Could the lines from the line bearing "Бытовка хозблок деревянный" to the end of the records below be copied exactly, with the pictures left out and no other lines added?

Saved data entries
--------------------------------

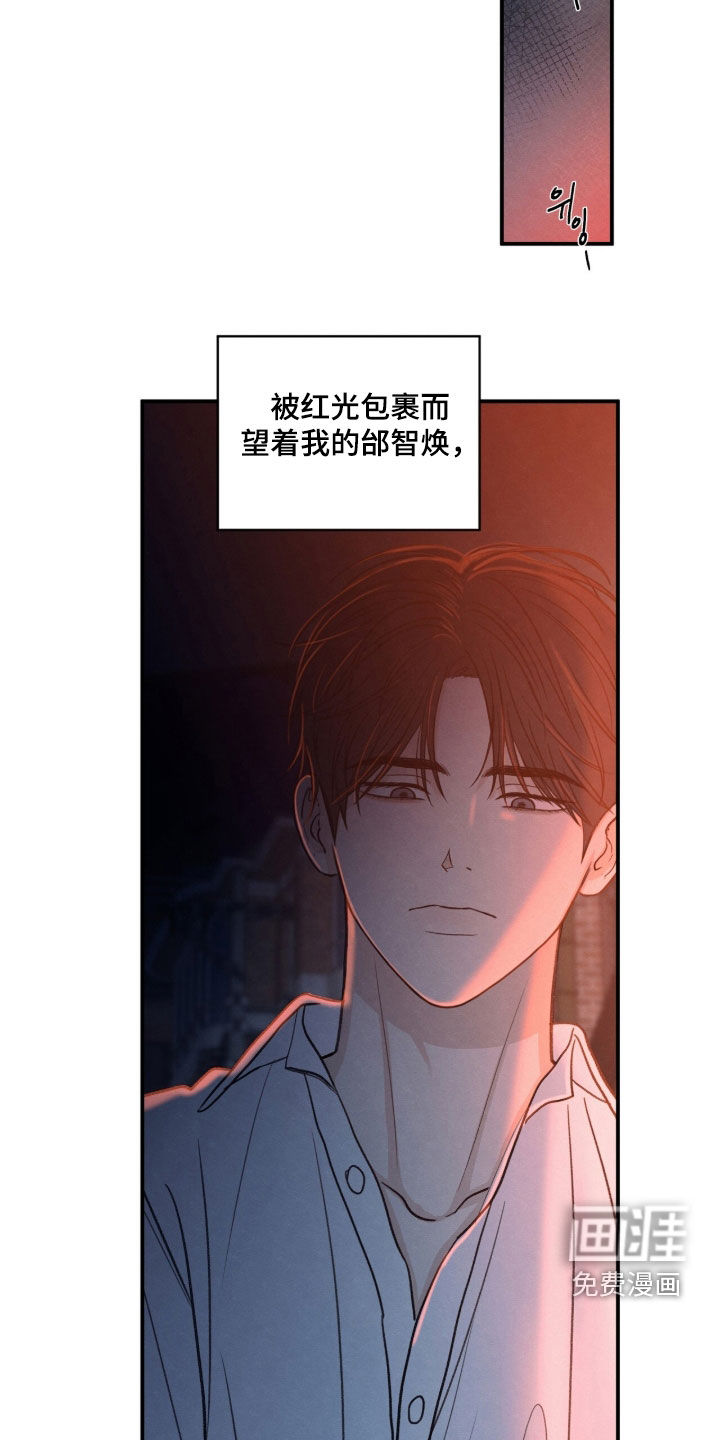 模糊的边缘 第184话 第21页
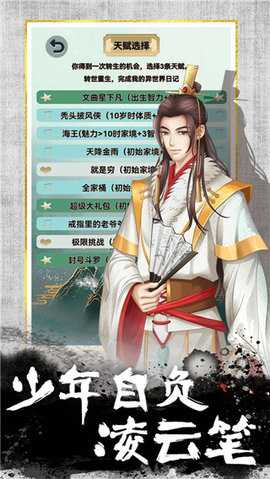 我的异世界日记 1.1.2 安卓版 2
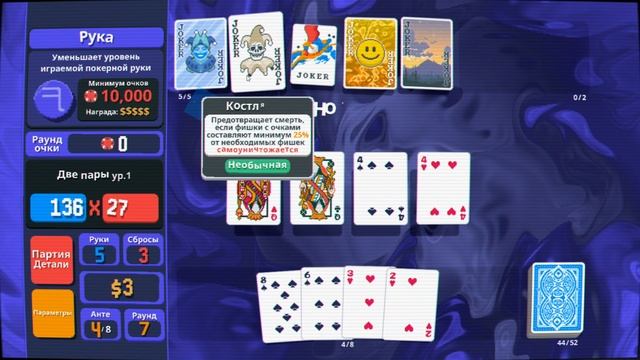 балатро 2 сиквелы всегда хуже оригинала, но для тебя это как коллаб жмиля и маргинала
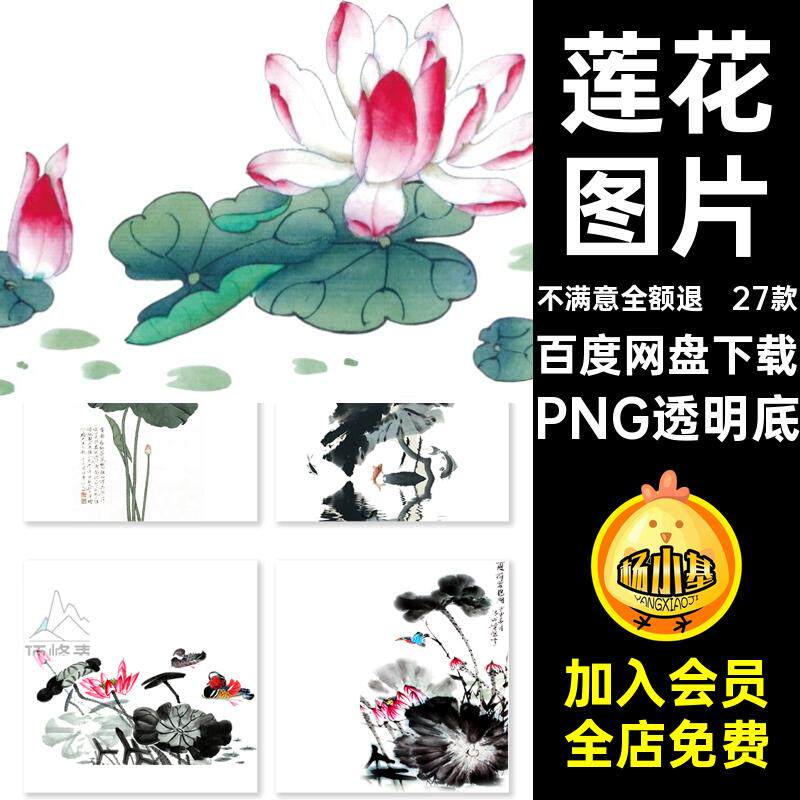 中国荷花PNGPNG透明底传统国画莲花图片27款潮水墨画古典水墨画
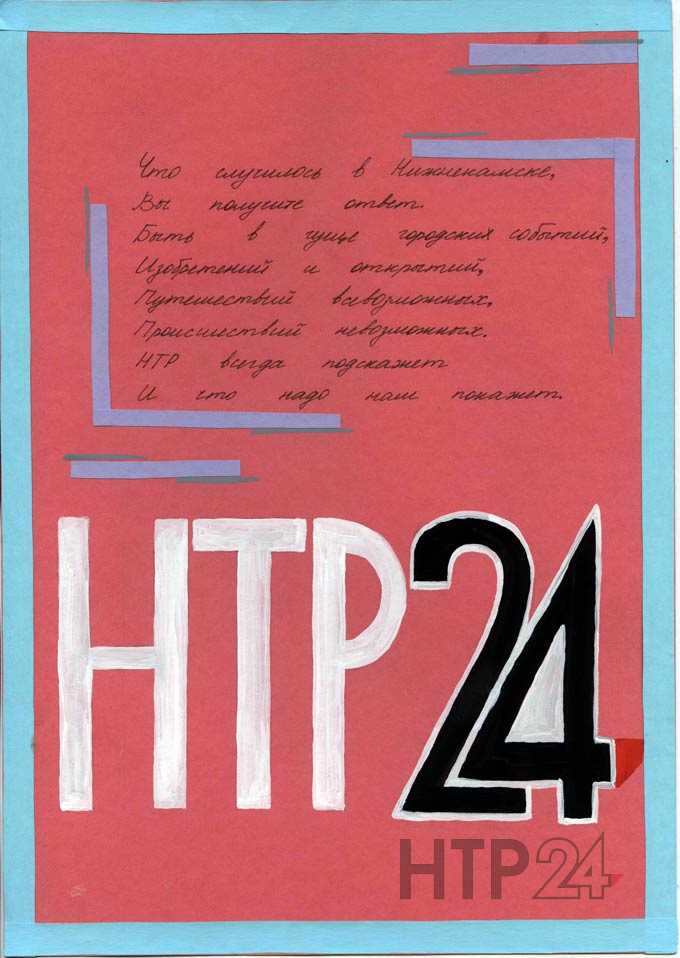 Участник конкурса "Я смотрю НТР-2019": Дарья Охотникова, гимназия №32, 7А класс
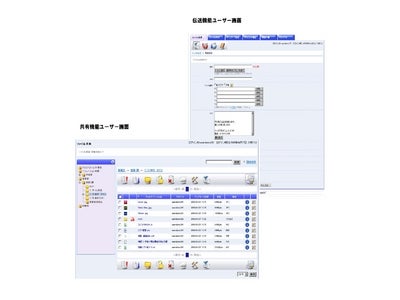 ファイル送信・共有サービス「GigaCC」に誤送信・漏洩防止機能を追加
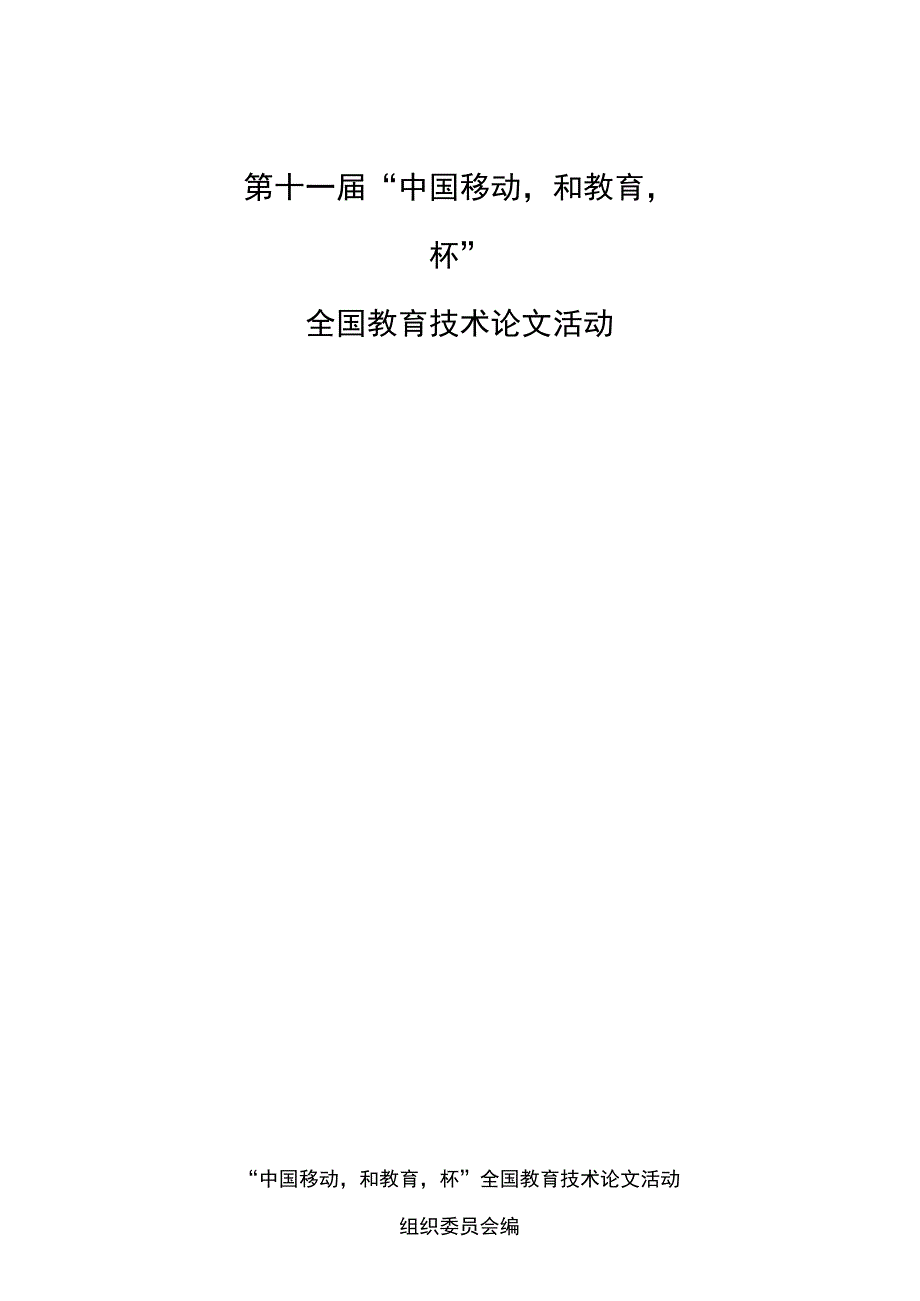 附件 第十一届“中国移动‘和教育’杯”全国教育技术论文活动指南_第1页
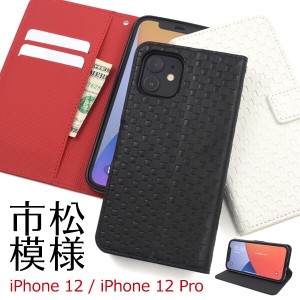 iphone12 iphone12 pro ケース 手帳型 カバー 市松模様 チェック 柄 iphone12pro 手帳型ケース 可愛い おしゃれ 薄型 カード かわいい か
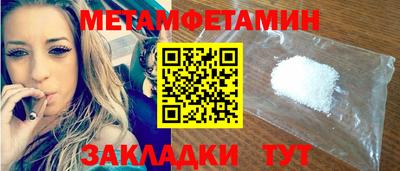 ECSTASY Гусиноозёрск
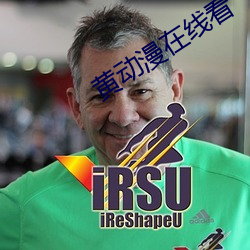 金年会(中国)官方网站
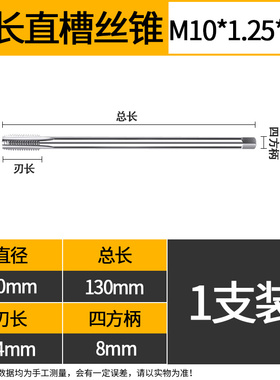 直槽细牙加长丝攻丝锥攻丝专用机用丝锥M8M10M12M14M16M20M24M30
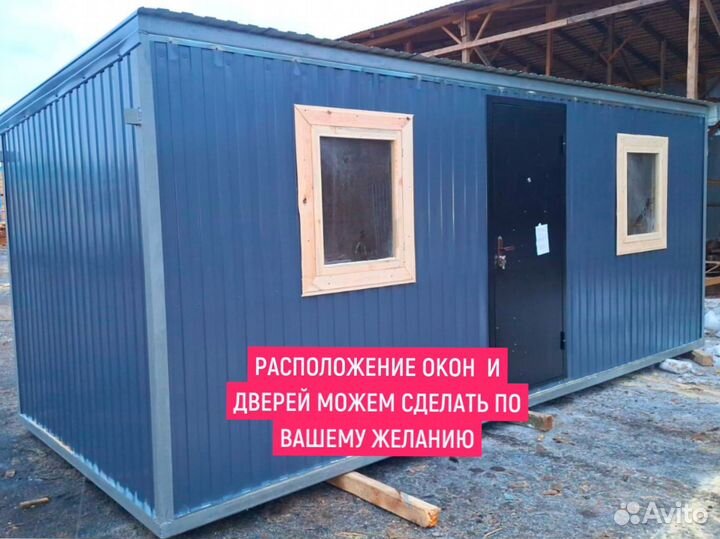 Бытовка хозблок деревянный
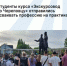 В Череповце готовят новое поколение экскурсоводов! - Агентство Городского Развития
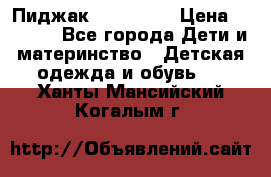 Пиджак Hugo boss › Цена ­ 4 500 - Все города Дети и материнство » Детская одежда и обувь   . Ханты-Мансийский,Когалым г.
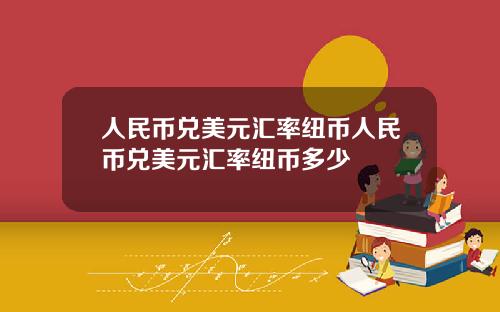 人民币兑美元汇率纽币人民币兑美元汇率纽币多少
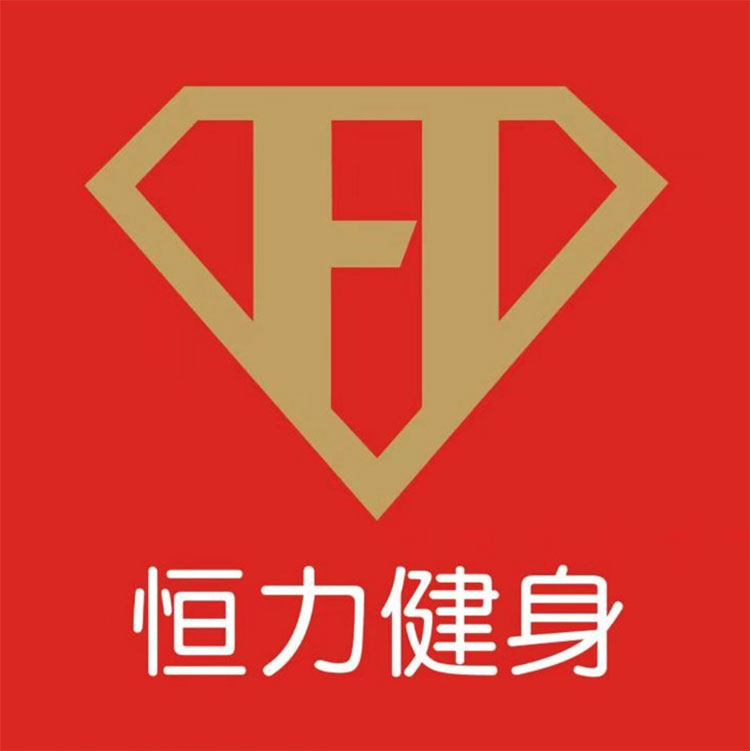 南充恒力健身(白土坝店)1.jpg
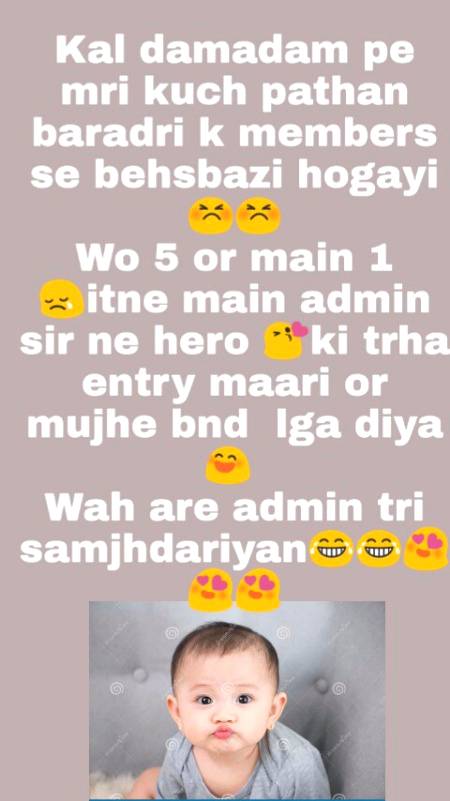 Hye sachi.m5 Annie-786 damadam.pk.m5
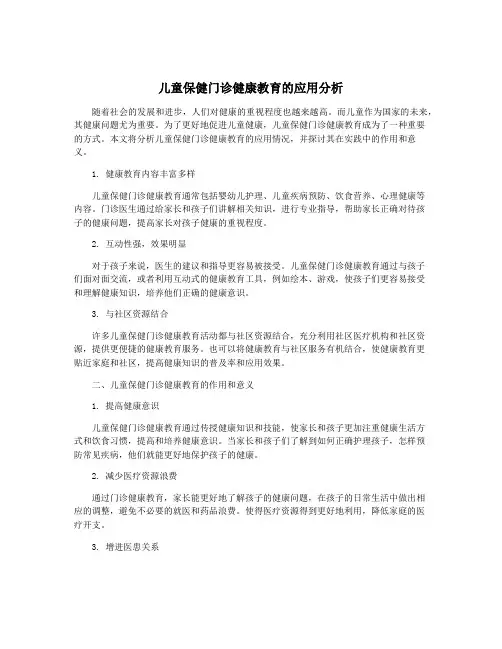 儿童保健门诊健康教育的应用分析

--------------------------------

-- Expected output --
 Бытовка хозблок деревянный
 В Череповце готовят новое поколение экскурсоводов! - Агентство Городского Развития
 Пиджак Hugo boss › Цена ­ 4 500 - Все города Дети и материнство » Детская одежда и обувь   . Ханты-Мансийский,Когалым г.
 人民币兑美元汇率纽币人民币兑美元汇率纽币多少
 南充恒力健身(白土坝店)1.jpg
 Hye sachi.m5 Annie-786 damadam.pk.m5
 儿童保健门诊健康教育的应用分析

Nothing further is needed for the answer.